In other trading news, LCDX was once again lower as everything in the market felt a little heavy in light pre-holiday trading, according to a trader.

The index went out at 97.25 bid, 97.35 offered, down from 97.70 bid, 97.80 offered, the trader said.

Petroleum Geo-Services close

Petroleum Geo-Services ASA closed on its $950 million senior secured credit facility (Ba2), according to a news release.

The facility consists of a $600 million eight-year term loan B and a $350 million five-year revolver, with both tranches priced at Libor plus 175 bps.

During syndication, the term loan B was upsized from $500 million and the revolver was upsized from $300 million.

The term loan B has no financial maintenance covenants.

Barclays and UBS acted as the lead banks on the deal, with Barclays the left lead.

Proceeds, together with available cash, have been used to repay and cancel the company's previous credit facility, which consisted of a $244 million term loan B and a $150 million revolver, and to fund the acquisition of MTEM Ltd.

Proceeds will also be used to fund an approximately $300 million special dividend and for general corporate purposes.

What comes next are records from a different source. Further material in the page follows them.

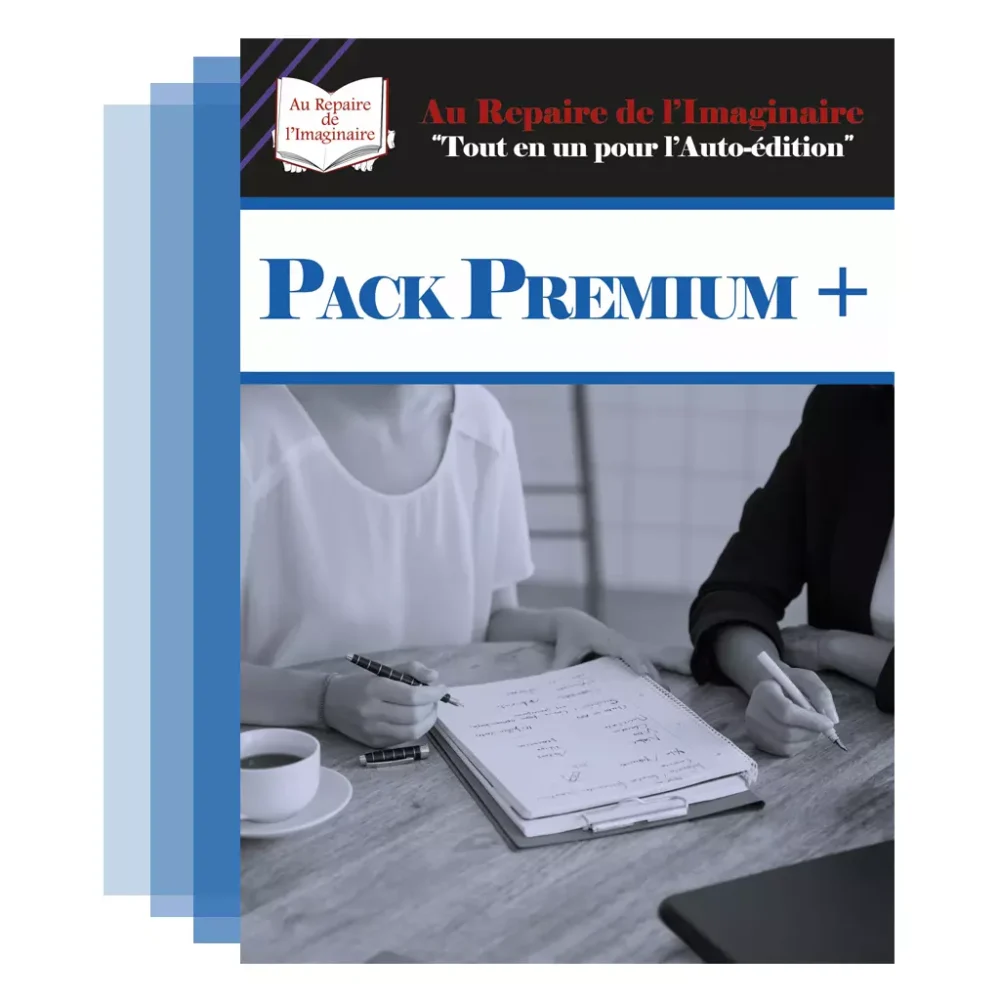 Pack Premium + d'Au repaire de l'imaginaire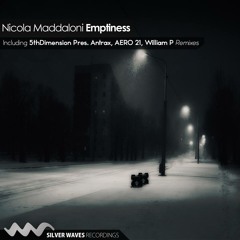 Nicola Maddaloni - Emptiness(Original Mix)[OUT NOW!]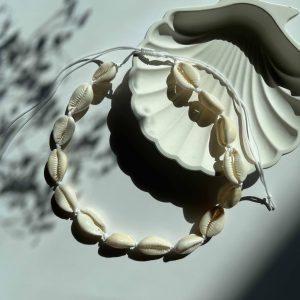 گردنبند صدفی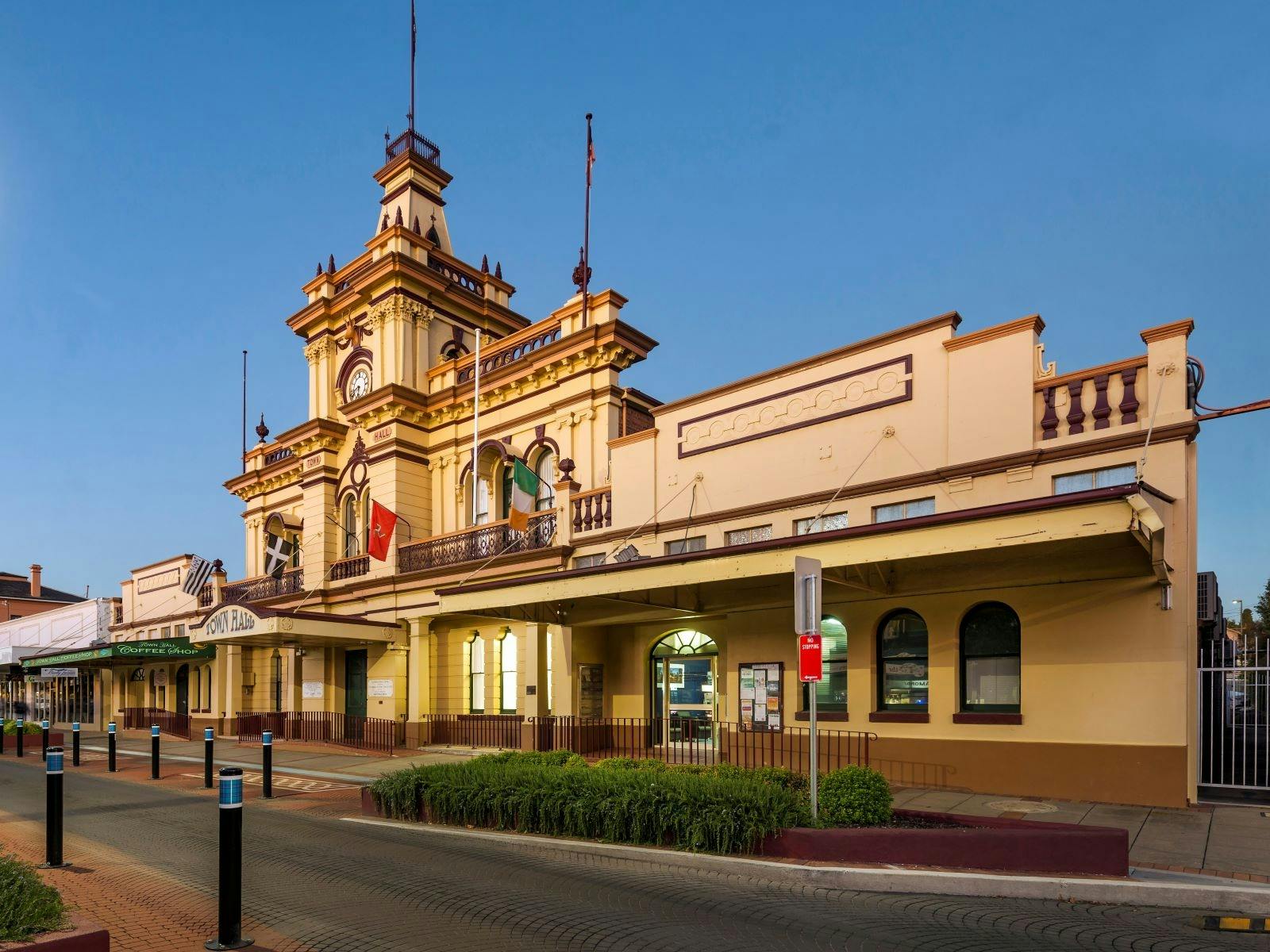 Glen Innes CBD Walking Tour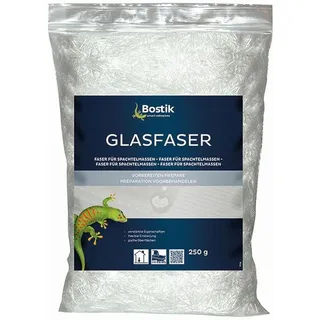 Bostik Glasfaser 250g Beutel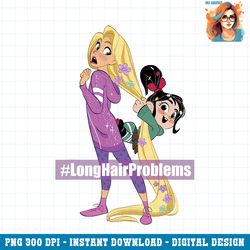 disney wreck it ralph 2 comfy princess rapunzel png download png download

Petroleum Geo-Services is a Lysaker, Norway, geophysical company.

Courtside closes

Courtside Acquisition Corp. completed its acquisition of American Community Newspapers LLC, and the company is now changing its name to American Community Newspapers Inc., according to a news release.

To help fund the transaction, Courtside got a new $125 million senior secured credit facility consisting of a $20 million six-year revolver at Libor plus 300 bps, with a 50 bps commitment fee, a $35 million six-year term loan A at Libor plus 300 bps and a $70 million 61/2-year term loan B at Libor plus 325 bps.

The company also priced $27 million of 15½% seven-year senior PIK notes.

BMO Capital Markets acted as the lead bank on the deal.

Courtside is a newspaper publisher.

Medical Staffing closes

Medical Staffing Network Holdings Inc. closed on its new $155 million senior secured credit facility, according to a company news release.

The facility consists of a $30 million six-year revolver priced at Libor plus 350 bps, a $100 million six-year first-lien term loan B priced at Libor plus 350 bps and a $25 million seven-year second-lien term loan priced at Libor plus 600 bps.

The second-lien term loan carries call protection of 101 for one year.

During syndication, pricing on the revolver and the first-lien term loan was revised from original talk at launch of Libor plus 275 bps to 300 bps to Libor plus 325 bps to 350 bps, before firming up at the wide end of the changed guidance.

General Electric Capital Corp. and Merrill Lynch Capital acted as the lead banks on the deal.

Proceeds were used to fund the $92 million cash acquisition of InteliStaf Holdings Inc., to refinance Medical Staffing Network's existing debt and to provide for working capital and general company purposes.

Medical Staffing Network is a Boca Raton, Fla., provider of per diem nurse staffing services. InteliStaf is an Oakbrook Terrace, Ill., health care staffing company.